さて、前の世で人様には言えない職業に就いていた私だが、今の仕事は何の変哲もない一般事務である。
9時に出社して定時は17時45分。忙しい時は残業もあるが、ここ数日は毎日定時で帰れている。休日出勤はたまにあって、その出勤ぶんは翌週以降の平日に休みをとる決まりだ。この、縛られた時間内に仕事を終わらせるというのが、初めの頃はなかなかに興奮したがもちろん誰にも言っていないので安心してほしい。
家からは徒歩で30分くらい。バスも出ているが遅刻しそうな時以外は基本歩いている。5階建てのビルの4階に私のデスクがあって、来客用窓口なども入り口付近に設置されている。この階にいるスタッフは基本的に他の従業員の勤怠管理や来客対応等その他雑務を行う、いわゆる総務というやつだ。私はそれらの仕事をやりつつ、5階の偉い人との連絡係もしていた。特筆すべきことが何もない、ふつうの仕事である。
そんなわけで、今日も平和な1日のはずだった。

「こんにちは〜」

あと数分でお昼休みに入るという頃、来客用窓口であるカウンターの方から声が聞こえた。遠目で、制服や帽子の感じから宅配業者だとわかる。
いつも来客対応をしているスタッフは、あいにく少し前にお昼に行ってしまったようだった。まあ、このタイミングなら仕方がない。私は席を立ち、カウンターの方へ急ぎ足で寄って行った。近付くにつれて、背の高い人だなー、しかもよく焼けてるなぁ……あ、なんか帽子から見える髪が金髪っぽい。と思ったのだが。

「お待たせしました!……って、え?」
「お届けものです」

カウンターの向こうで段ボールを手にしているのは、ポアロの店員さん、安室さんだった。

「な、なんで安室さんがここに?」

まさか出前でもあるまいし、いやその前にポアロにはそんなサービスはない。しかも服装は宅配業者のそれにしか見えない。宅配業者には若くて髪の色が明るい感じの人も多いので、まったく違和感がなくて本当に側に寄るまで気付かなかった。段ボールとともに送り状まで差し出してくる。確認するとちゃんと会社宛の荷物だった。
目を丸くする私に、彼はにっこりと笑う。かっこいい、じゃなくて。

「……安室さんって、宅配便の仕事もされてるんですか?」
「いえいえ、実は依頼を受けてこの会社のことを調べていまして……」
「依頼って、探偵の?」

カウンター越しに少し身を屈めて、私の視線の高さに合わせた安室さんは、シー、と人差し指を自分の唇に当てた。
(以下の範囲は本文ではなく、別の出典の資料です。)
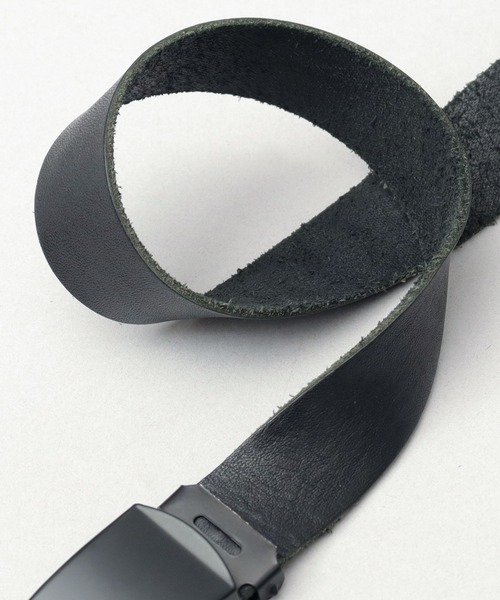 Mr.COVER（ミスターカバー）の「日本製 本革 レザー ロング ガチャベルト（ベルト・メンズ・グレー/ブラック/ダークブラウン・FREE）」の13枚目の写真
「ナナシさんは知ってます?2ヶ月前に起きた暴行事件のこと」
「あ……はい、知ってます。確か先月もあったって」

実は2ヶ月前、この会社である事件が起きていた。夜遅く、従業員が何者かに暴行を受けたのだ。暴行といっても、外回りから戻った従業員がフロアに入ろうとしたところで誰かにぶつかり、その時に腕が当たったか突き飛ばされたかで、軽い怪我を負った程度だそうだ。後から調べても特に盗まれたものはなく、従業員が入って来たせいで窃盗が未遂に終わったのだろうということでその時は片付けられた。
しかし、先月も2度、女性社員が何者かに暴行を受ける事件が起きている。どの件も2階と3階で起きており、被害にあった従業員とも会話をしたことがなかったのでうっかり忘れていた。その内容も、暴行というより嫌がらせといったレベルのものだったようだし。どの件も警察には届けなかったらしいが、ここにきて探偵を雇うというのは、まさか。

「もしかして、またあったんですか……?」
「ええ、5日ほど前に」
「それは怖いですね」

今更警察に相談するのも、と上層部が渋るのが目に見えるようだ。しかも今回の事件では、女性社員が髪の毛を切られたらしい。なんてやつだ。天罰を与えなければ。
しかし事件が起きて何日目に依頼が来たのか知らないが、この5日間で私は2回ポアロに行っている。お店で私に聞かずに現場に出向いてくるとは安室さんは行動派のようだ。私がここで働いていることはコナンくんがバラしてくれたので、来客対応の人がいない時間をわざと狙って来たのだろうか。ついでにいえば、昼休み中なら業者と長話をしていても誰にも咎められない。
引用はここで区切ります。